Я был однажды Ушу, стрелком из лука. Я помню это ясно. Я отбился от своего племени, заблудился в большом лесу, пока наконец не очутился на заросшей травой равнине, где меня захватило в плен чужое племя, родственное моему тем, что их кожа была такой же белой, волосы – светлыми, а язык не очень отличался от нашего. А ее звали Игарь – и я соблазнил ее своим пением в сумерках, ибо ей предназначено было дать начало новому роду: бедра ее были широкими, грудь пышной, так что она не могла не стать добычей мужчины с сильными мускулами и широкой грудью, который пел о своей доблести и обещал ей пищу и защиту, пока она будет нянчить детей, которым суждено охотиться и жить после нее.

Этот народ не обладал такими обширными познаниями, как мой народ; они ловили зверей в сети и ямы, а в битвах пускали в ход палицы и пращи. Они не знали волшебства быстро летящих стрел с зарубкой на конце, сделанной для того, чтобы они крепче лежали на натянутой тетиве из сухожилий оленя.

И в то время как я пел, мужчины чужого племени смеялись в сумерках. И только она, Игарь, верила мне. Я взял ее одну на охоту, туда, где олени ищут воды. И моя стрела зазвенела и запела в чаще, и олень упал, сраженный; его теплое мясо было сладким – и она стала моей там, у воды.

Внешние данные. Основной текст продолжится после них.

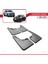 Volkswagen Amarok (2f) 2010-2020 Arası ile Uyumlu Ön Arka Takım Paçalık 4'lü Siyah 3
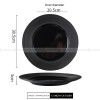 Designer Tableware Collection Weiss Series Ceramic Dish Black Plate Designer Tableware Collection Weiss Series Ceramic Dish Black Plate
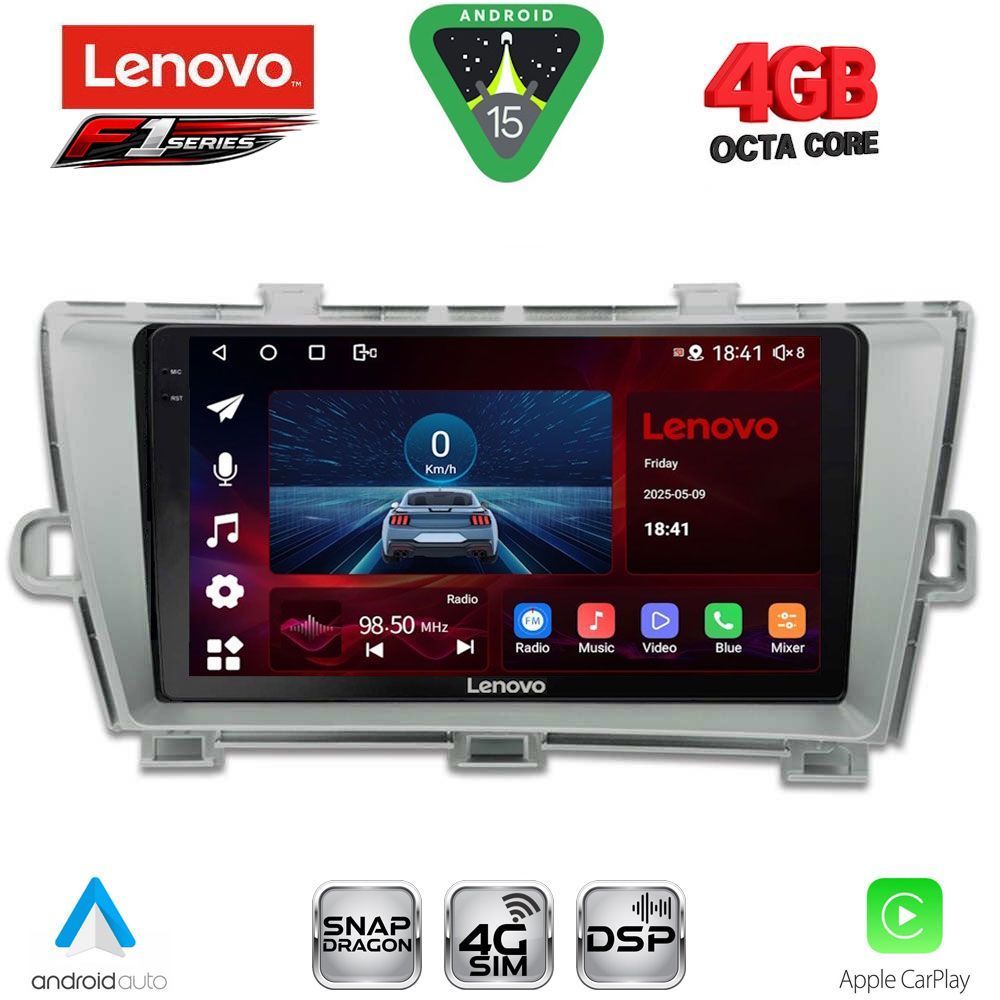 LENOVO SSQ 9726_CPA (9inc) MULTIMEDIA TABLET for TOYOTA PRIUS mod. 2009-2015 - LENOVO SSQ 9726_CPA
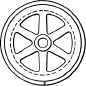 Sheave Pulley Pattern with Groove Made with Dry Sand Core.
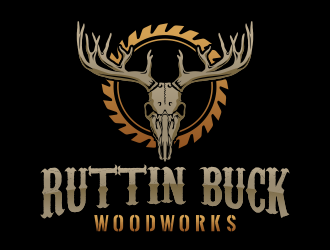 RUTTIN BUCK WOODWORKS logo design by Panara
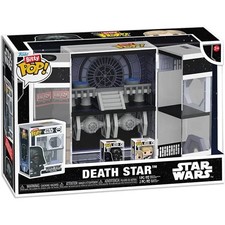 Death Star Bitty Pop! Playset #93561 Star Wars Funko Pop Bitty Box Playset box and figure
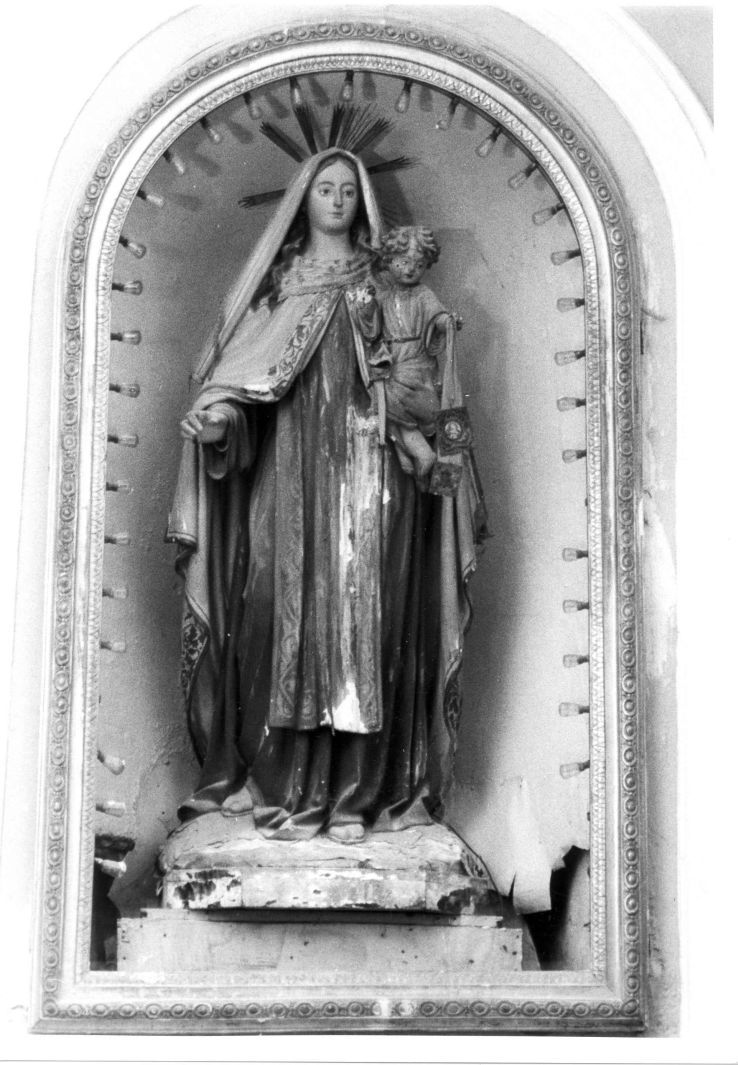 Madonna con Bambino (statua) - bottega Italia meridionale (fine sec. XIX)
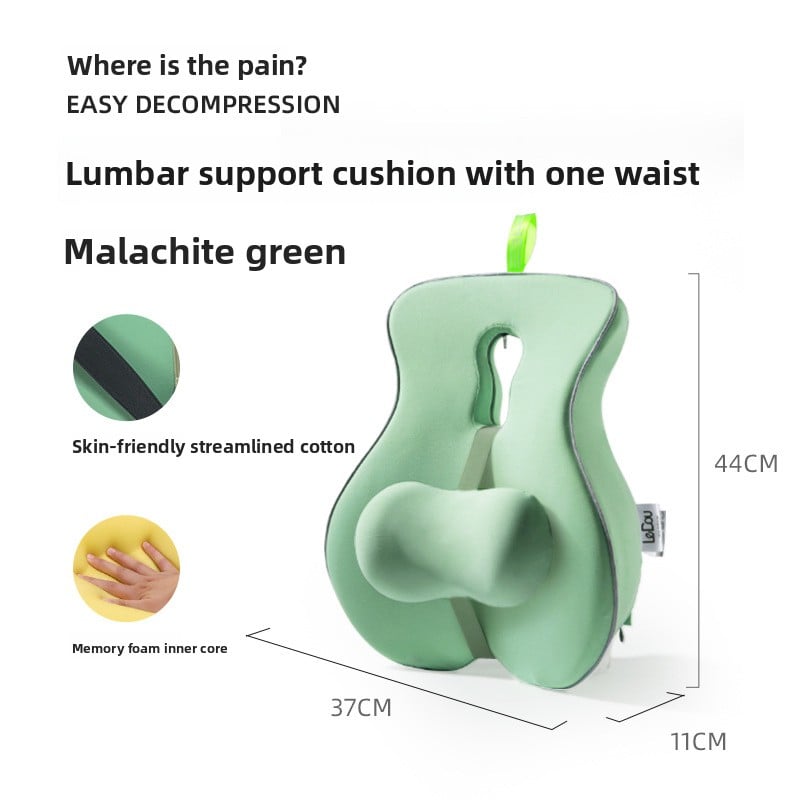 Ergonomic Memory Foam Back Support Cushion for Office Chair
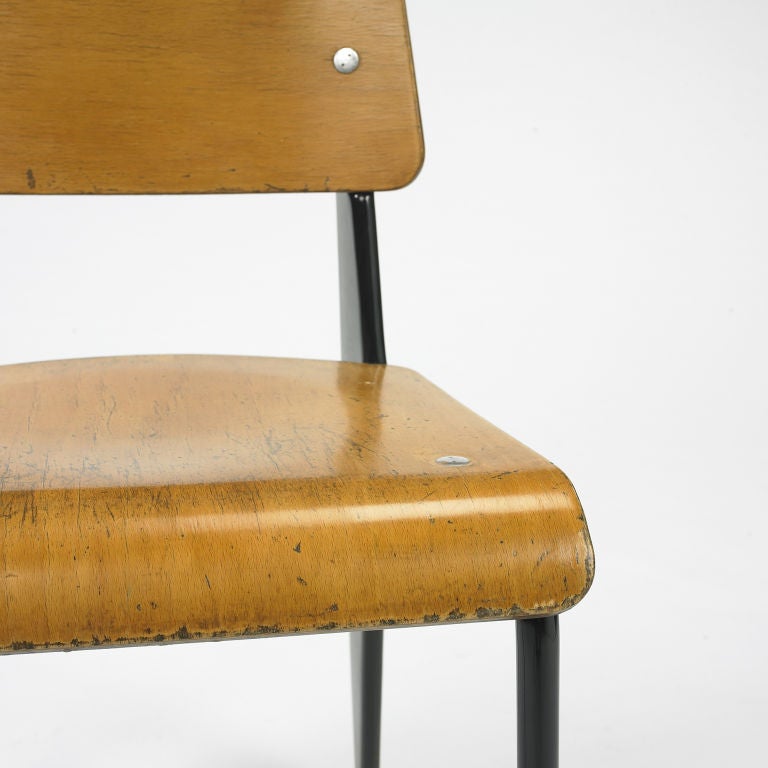 Steel Standard chair no. 305 by Jean Prouve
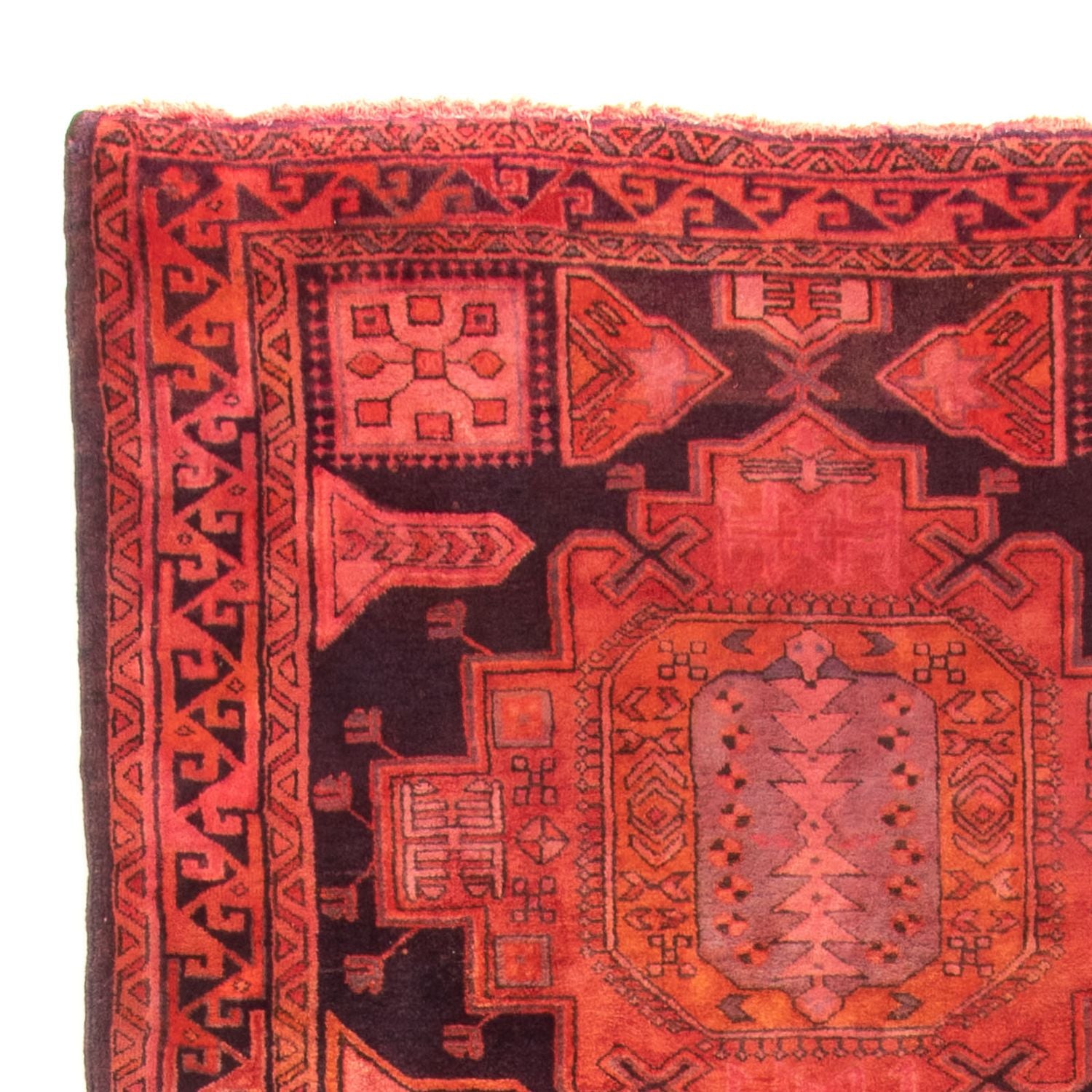 Alfombra de pasillo Alfombra persa - Nómada - 345 x 125 cm - rojo claro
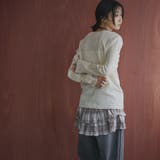 シアーベロアロングスリーブTシャツ | coen【women】 | 詳細画像13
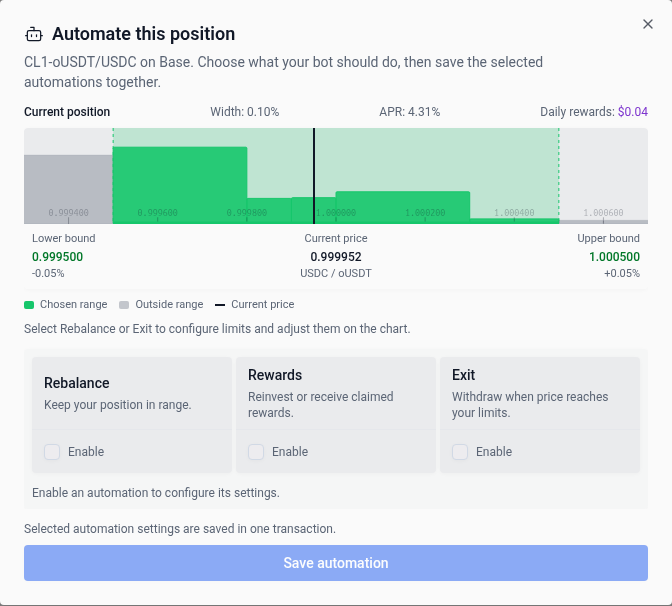 Choose automations before opening their settings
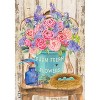 Farm Fresh Peonies Spring Garden Flag Floral 18" x 12.5" Briarwood Lane - 3 of 4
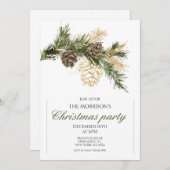 クリスマスエレガントパーティー 招待状 (正面/裏面)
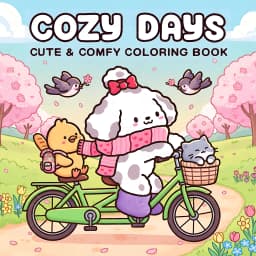 COZY BESTIES: Coloring Book for Adults And Teens Featuring Cute Cozy Daily Activities for Relaxation DIY Painting Drawing Gift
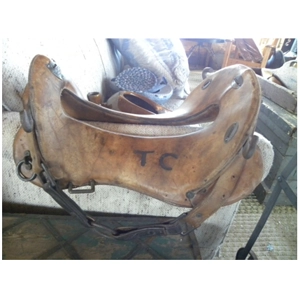Antique Union Saddle Leather Cinch Seat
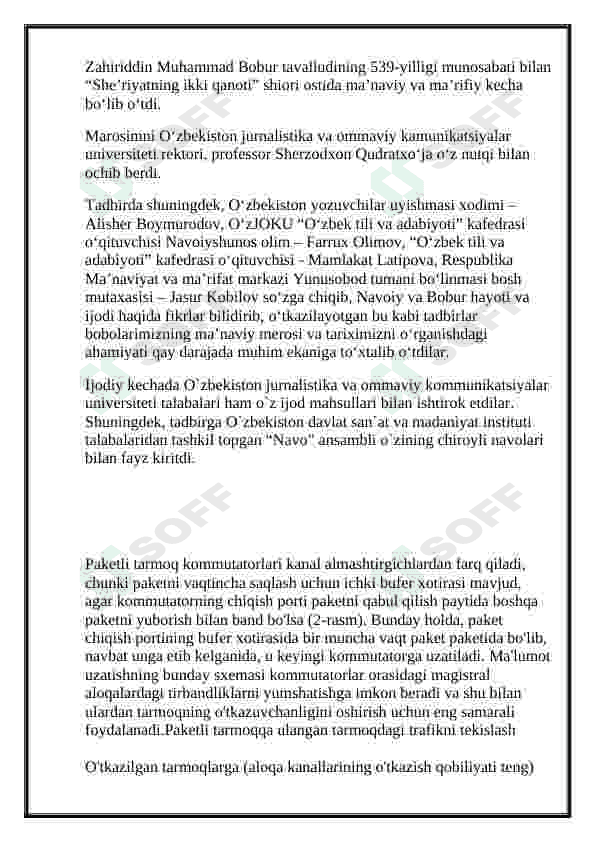 Informatika Paketlar kommutatsiyasining rivojlanishi 7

Из-за Игарь я остался жить в этом племени. И я научил их делать луки из красного и душистого дерева, похожего на кедр. Я научил их зорко смотреть, прицеливаться одним левым глазом, мастерить дротики для мелкой дичи и зубчатые, из костей, – для рыбы, которую мы ловили в прозрачной воде; изготовлять наконечники для стрел из твердого камня – чтобы охотиться на оленей, диких лошадей, лосей и старого Саблезубого. Они смеялись над тем, как я обтесывал камень, пока я не прострелил насквозь лося, и все племя высказало одобрение, когда каменный наконечник выдержал это испытание и прошел насквозь, а оперенный конец застрял во внутренностях животного.

Я был Ушу, стрелок, и Игарь была моей женщиной и женой. Мы смеялись под солнцем по утрам, когда наши дети, мальчик и девочка, золотоволосые, как пчелы, барахтались и катались в пыли; а по ночам она лежала в моих объятиях и любила меня, а потом убеждала меня бросить охоту как опасное занятие, поскольку я умел выбирать и гнуть дерево и обтесывать наконечники стрел. Я мог оставаться в нашем становище, заставив других мужчин приносить мне мясо, добытое на охоте. И я послушался ее, стал тучным и страдающим одышкой, и в долгие ночи без сна терзался тем, что люди из чужого племени приносят мне мясо за мою мудрость, но смеются над моей толщиной и нежеланием охотиться и воевать.